そしてお店の人達に謝り、外に出て3人で話をしたそう。

「どうやら大知は、私と付き合う前からその彼女に『別れてくれ』と何度も言っているようでしたが、結局は『絶対に別れない』と粘る彼女と定期的に会っては体の関係も続いていたみたいでした。大知は『そんなの嘘で、こいつの妄想話だ』と私に言い訳してきましたが、直感的に私は嘘をついているのは大知の方だと思ったんです」

◆彼氏の本性がかいま見えた瞬間

そしてその彼女に対する大知さんの冷酷な態度に、亜沙美さんは引いてしまいました。

「いくら揉めているとはいえ、その彼女を力任せにねじ伏せたり足蹴にしたり罵倒したりと…。それがいつもやっていますよって感じの慣れきったナチュラルな暴力というか、あぁこれが本性なんだろうなと怖くなってしまったんですよね」

実際のところ亜沙美さんは大知さんから暴力を受けたことは一度もありませんでしたが、今回の件をきっかけに大知さんと別れてしまったそう。

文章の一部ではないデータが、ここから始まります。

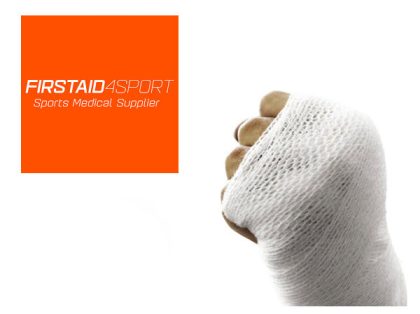 24 Rolls x Boxing Pro Fight Gauze – 5cm x 10m - First Aid for Sport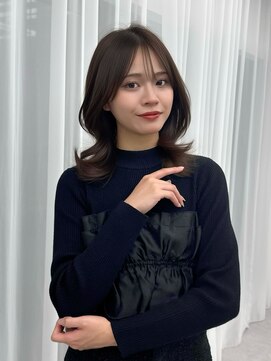 アマトウキョウスマートサロン(AMA TOKYO×Smart Salon) くびれレイヤー/顔まわりカット/レイヤーカット/小顔ヘア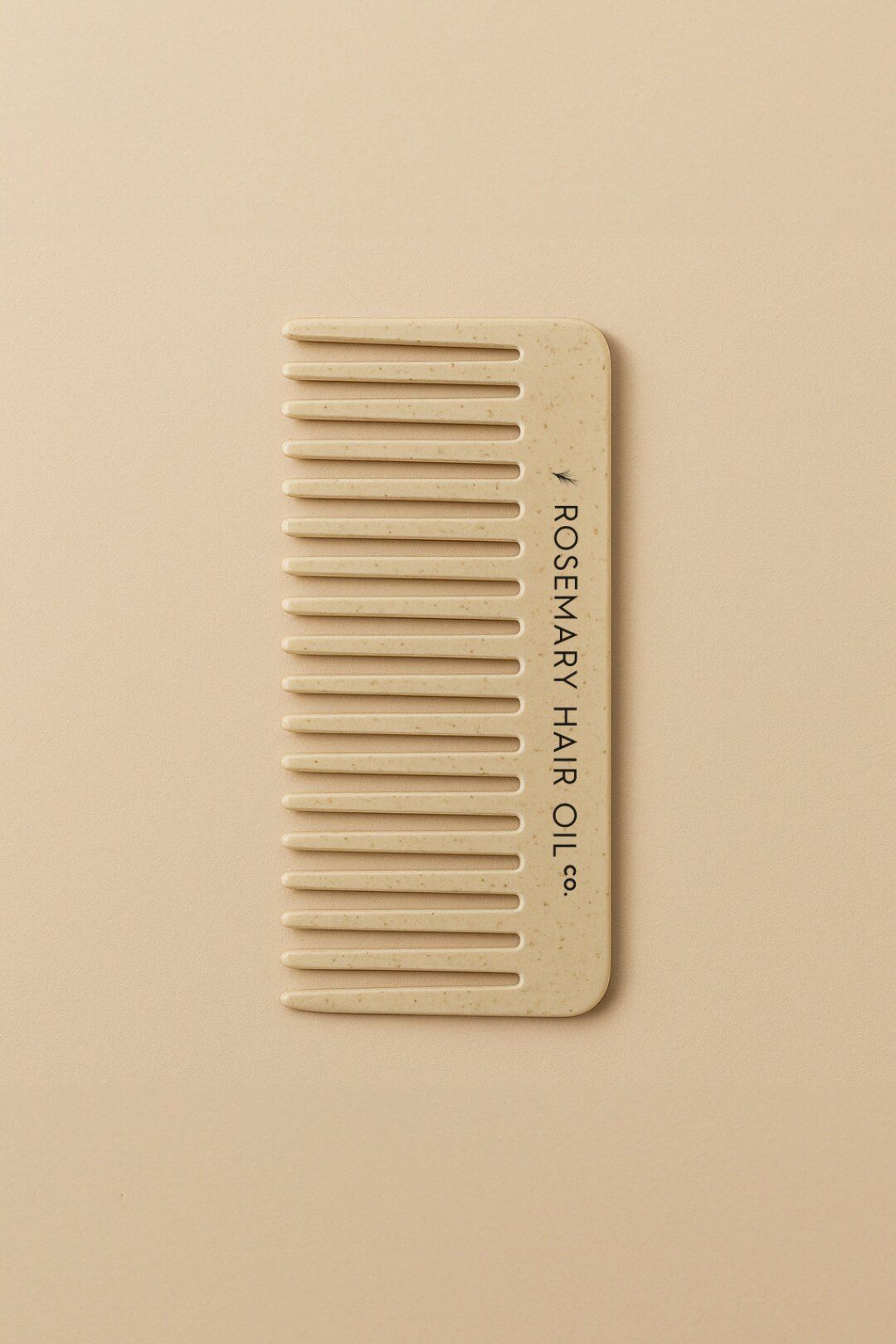 Rosemary Hair Oil Co Scalp Soothe Essential Flat Comb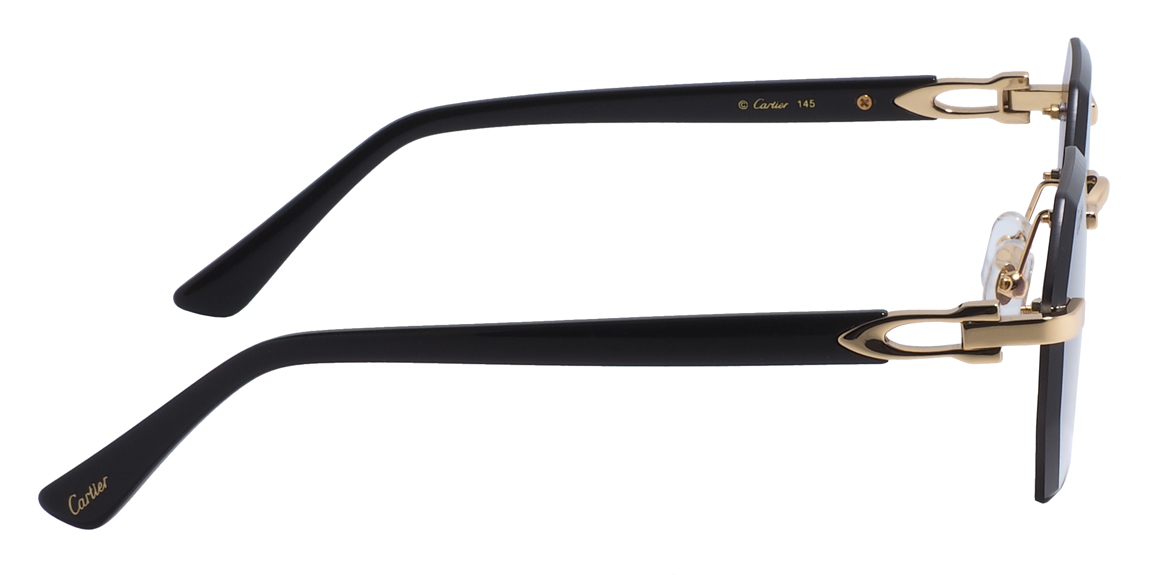 очки Cartier 0439S 001 Gold/Black Gradient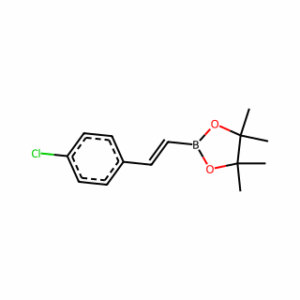 (E)-2-(4-Chlorostyryl)-4,4,5,5-tetramethyl-1,3,2-dioxaborolane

「私が『もう別れたい』と言って旅行の途中で帰って、そのまま大知からの連絡を無視する形で終わったのですが…」

さていったい何が起こったのでしょうか?

「その後、風の噂で大知と例の彼女が結婚したらしいと聞いて、正直ゲッと思いました。その瞬間パッと頭に浮かんでしまったのですが、もしかして大知が私に渡そうとしていた指輪を彼女に使い回したんじゃない?って。もしやっていたら本当に最低ですよね」と苦笑いする亜沙美さんなのでした。